Rebels of the Heavenly Kingdom
- First edition cover
- Author: Katherine Paterson
- Language: English
- Genre: Children's Historical novel
- Publisher: Dutton Juvenile
- Publication date: June 21, 1983
- Publication place: United States
- Media type: Print (Hardcover)
- Pages: 229 pp (hardcover edition)
- ISBN: 978-0-525-66911-1 (hardback edition)
- OCLC: 9218013
- LC Class: PZ7.P273 Re 1983

= Rebels of the Heavenly Kingdom =

1983 children's book by Katherine Paterson

Rebels of the Heavenly Kingdom is a 1983 children's book written by American novelist Katherine Paterson. Set during the Taiping Rebellion in China, it focuses on Wang Lee, a 15-year-old peasant boy who is abducted into a secret rebel organization. Mei Lin, a female soldier, teaches Wang Lee to read and instructs him on the movement’s dogma.

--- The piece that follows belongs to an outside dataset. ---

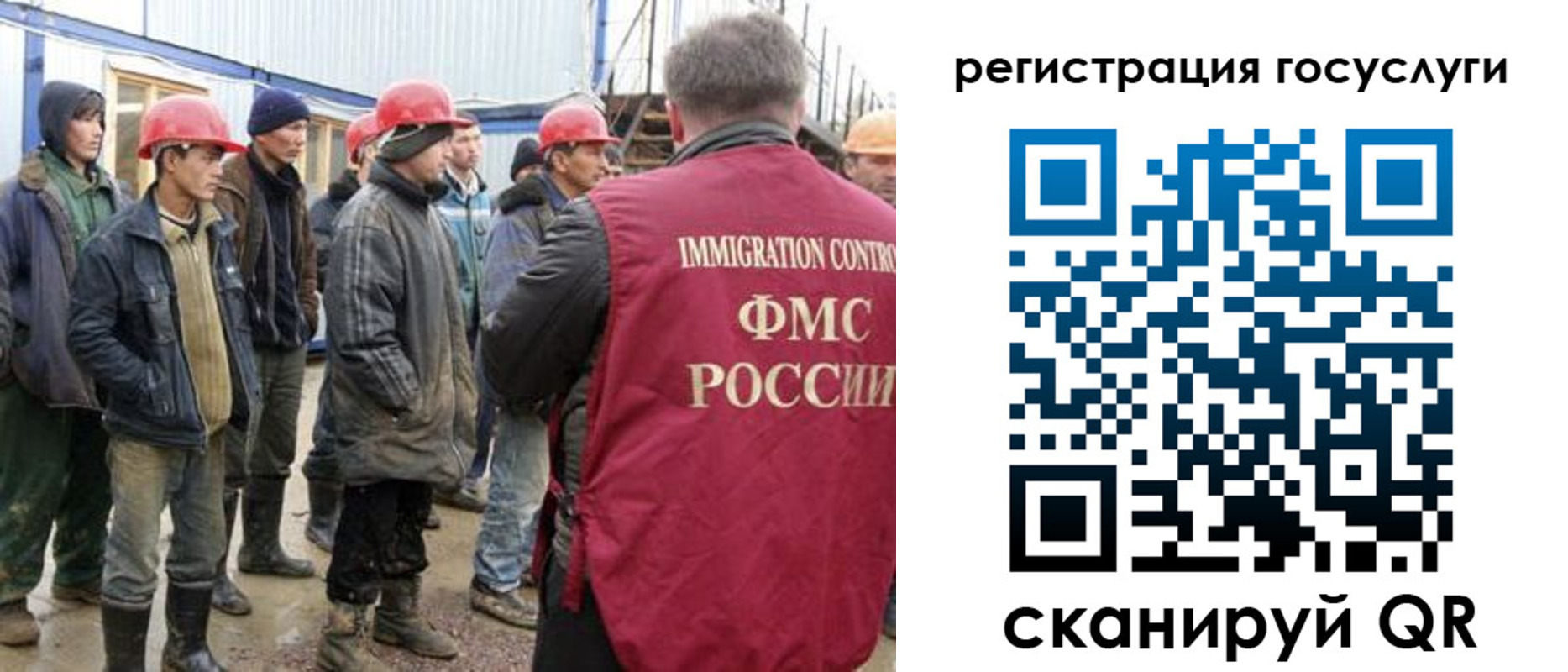 прописка от собственника в Сураже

Wang Lee’s transition into being a soldier is marked with acts of violence and betrayal, and he is forced through difficult circumstance to learn humility as part of his training.

Following its publication, Rebels of the Heavenly Kingdom received the Parents' Choice Award and was named the NCSS-CBC Notable Children's Trade Book in the Field of Social Studies.